More than 30 people were seriously injured, with many of them in critical condition with very severe burns. Three children were among the dead.

"We were going to bed when my daughter smelled gas and we heard the blasts," said Roberta Marcelli. "We looked out from the terrace and we saw windows exploding, everything was exploding."

"It was an apocalypse. All we could smell was gas and things burning and all we could see was flames," one survivor told Italian television.

PEOPLE STILL MISSING

A body of a woman was found on Tuesday evening, bringing the death toll to 14.

Prime Minister Silvio Berlusconi told a news conference that four people were still missing in the rubble of a building destroyed by the blast, adding that the toll could rise.

Many residents booed Berlusconi as he visited the scene.

Unions representing railway workers called a one-hour halt in train traffic on Wednesday to mourn the dead and draw attention to what they say are insufficient safety standards in the sector.

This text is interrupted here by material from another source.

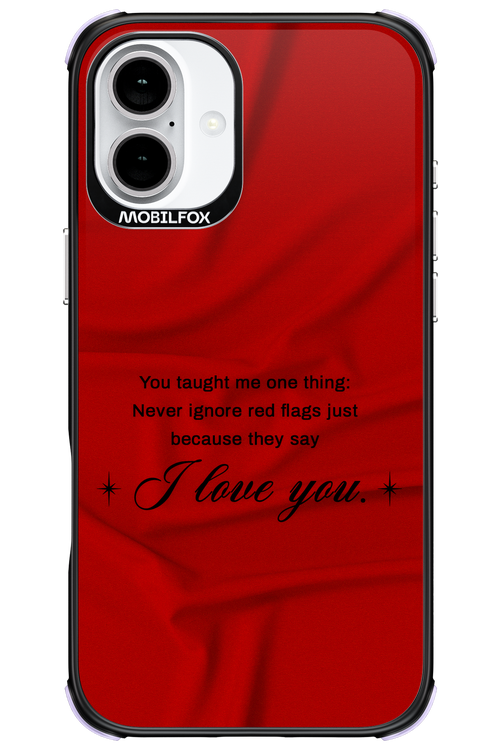 Never Ignore 2.0 - Apple iPhone 16 Plus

The accident happened when an axle on one car of the 14-car train buckled and caused the derailment, officials said.

Firefighters battled to contain blazes started by the explosion, which spread to nearby buildings and set cars alight. The area around the tracks was blackened and rescuers struggled to pull survivors from collapsed homes.

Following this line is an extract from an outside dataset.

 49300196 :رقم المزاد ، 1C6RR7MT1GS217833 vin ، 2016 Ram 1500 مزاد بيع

GATX Rail Austria, a unit of the U.S.-based GATX Corp, which owns the rail cars -- each one consisting of a gas tank attached to a wagon -- said it did not know the cause of the explosion and was still collecting information.

"So far we do not see any connection between the cause of the accident and our wagons," it said in a statement.

It was Italy's most deadly rail accident since 17 people were killed in January 2005, when a passenger train collided with a freight train near the northern city of Bologna.